After you’ve had fun exploring the swinging bridge on the Little Toby Creek Trail, you have two options.
The trail continues beyond the swinging bridge for another four miles before it meets the Clarion River and another 12 miles until it reaches Ridgway, PA. Along the way, the trail’s map indicates that there are several other ghost towns, though my understanding is that, like the several that you’ll pass on the way to the swinging bridge, there isn’t really anything to see in these spots.
Instead of continuing, however, I opted to hop back on my bike and head back to the parking area. This created a nice seven-mile bike ride that was very enjoyable (The ride would be about 12 miles if you parked in the main lot in Brockway.)
It’s worth noting that the return trip has a slight uphill grade. However, even despite not having biked much in the last few years, the grade was slight enough that it posed no issues.
Overall, while I’ve ridden other rail trail with better-maintained surfaces, the Great Allegheny Passage and the Pine Creek Rail Trail to name two, the surface here was in good shape despite some recent rain and made for easy biking on my hybrid bicycle.

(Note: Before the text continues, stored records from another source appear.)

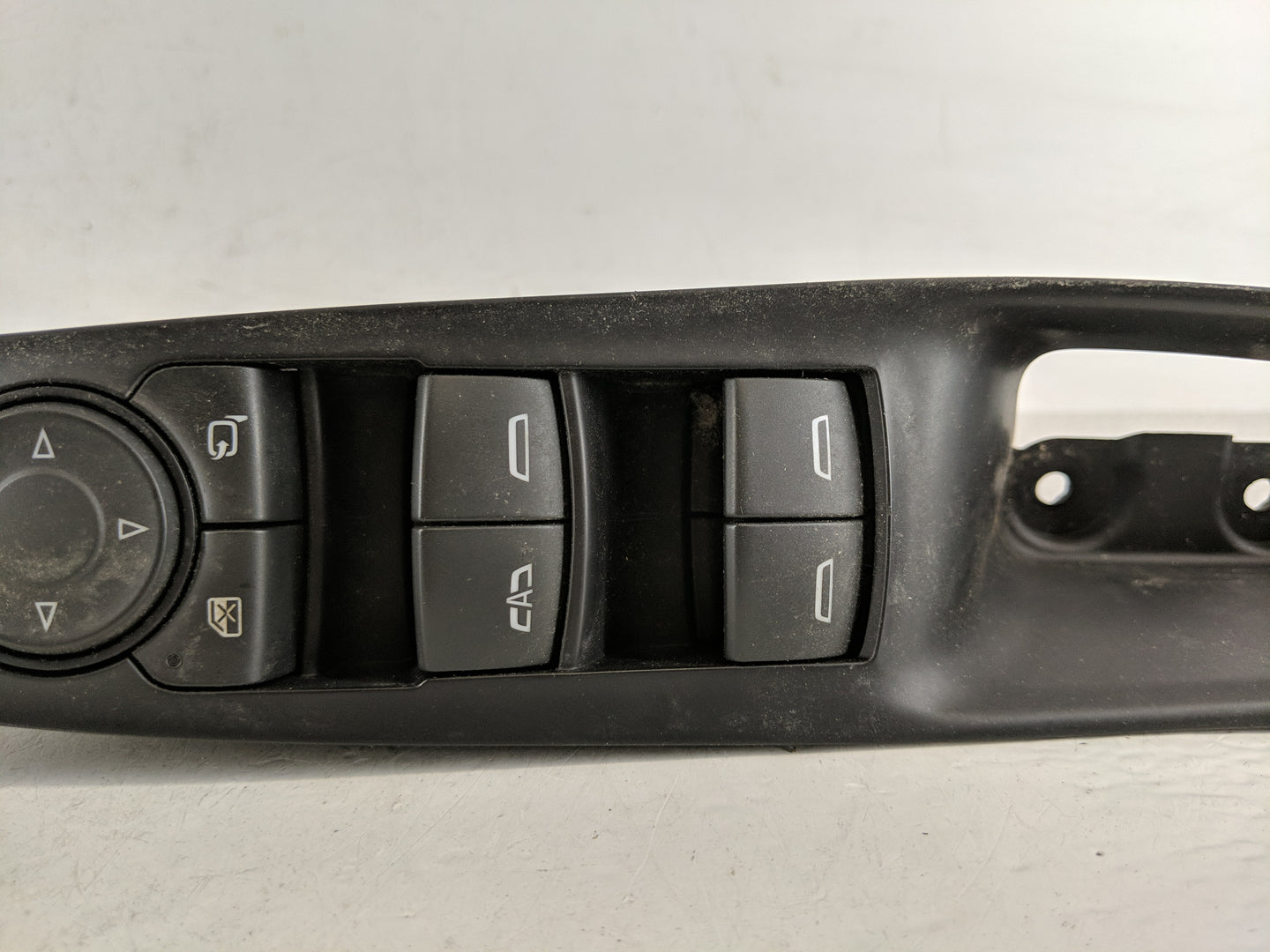 2018 Buick Enclave Master Power Window Switch Replacement Driver Side Left P/N:84139694 Fits OEM Used Auto Parts - Oemusedau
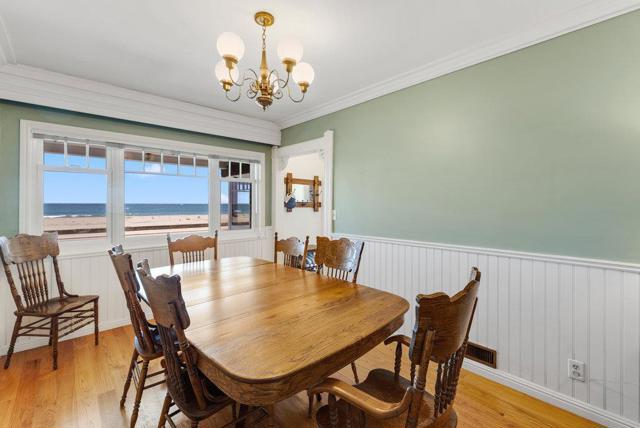 325 Beach Drive, Aptos CA: https://media.crmls.org/mediaz/2ffda886-5683-4567-9f82-02b4e5e72b05.jpg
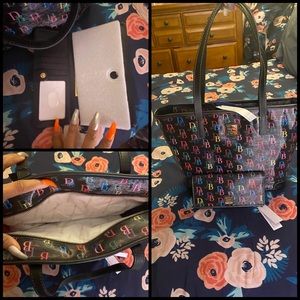 Dooney & Bourke Tote Set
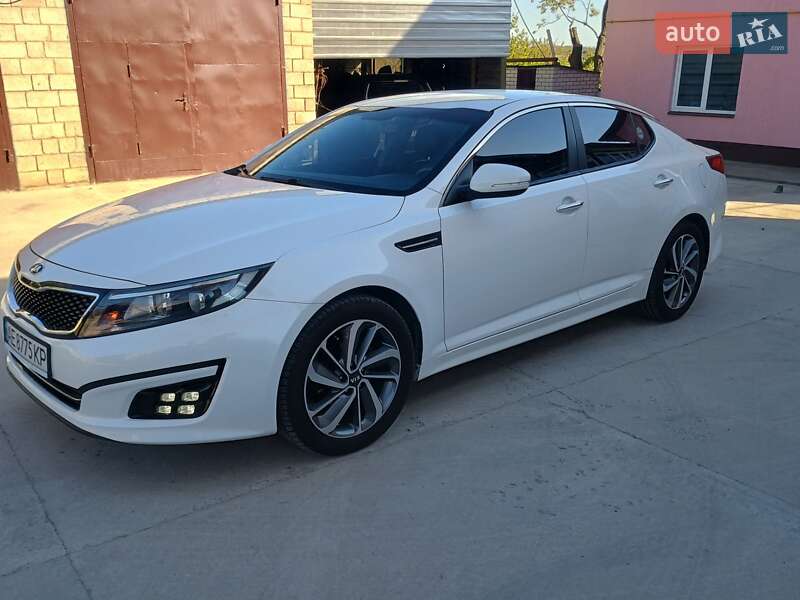 Седан Kia K5 2014 в Дніпрі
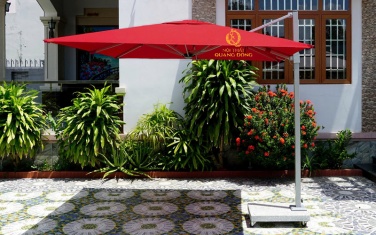 Dù lệch tâm vuông 2,5 mét không rèm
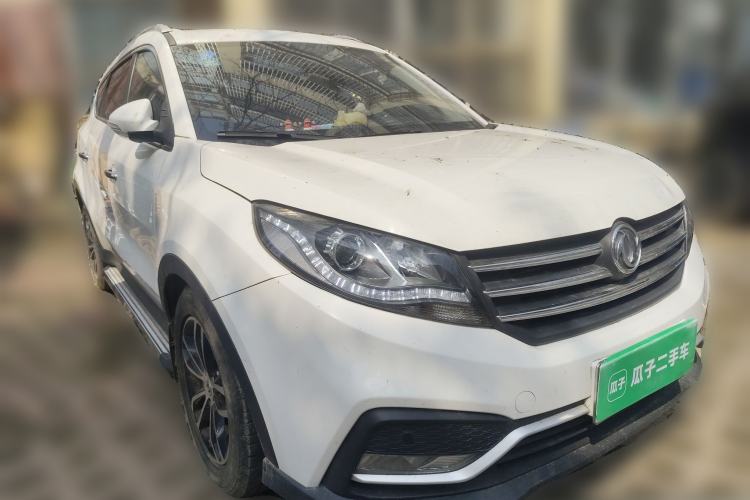 Used Dongfeng Fengon 580 2018 Revised Version 1.5T Manual Luxury Edition Front Right 45 Deg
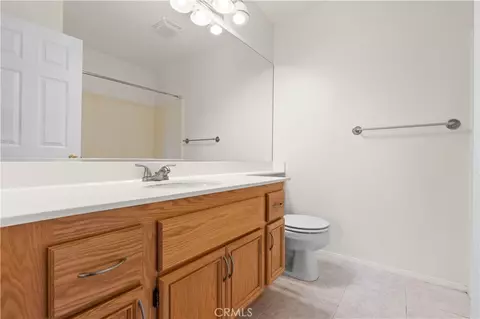 Bath - 28549 Silverking Trl, Santa Clarita, CA 91390 photo 2 of 3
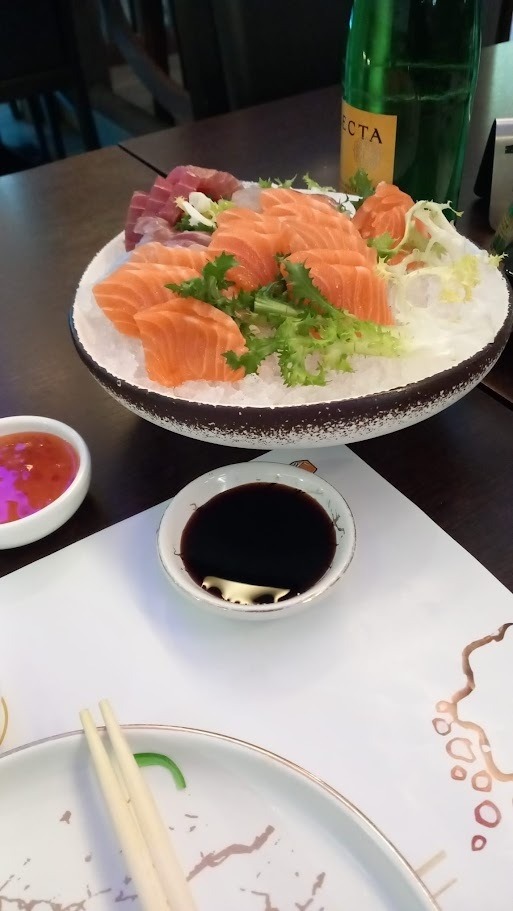 Il sushi non era pesce crudo: storia e origini 4 Piatto di sushi moderno assaggiato in un ristorante giapponese a Roma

Even better, in addition to being a pleasant bike ride through a beautiful woodland, this trail had some interesting historic signs to read, and the swinging bridge made for a fantastic stop along the route. In fact, I’d ride the trail again solely to spend more time at this unique bridge.
So, the next time you are looking for a fun destination for a bit of bicycle riding in the Pennsylvania Wilds, I definitely recommend checking out the Clarion-Little Toby Creek Trail.
Note that this trail is almost entirely on state game lands. Wearing orange during hunting season is highly encouraged and electronic bikes are not allowed on the trail.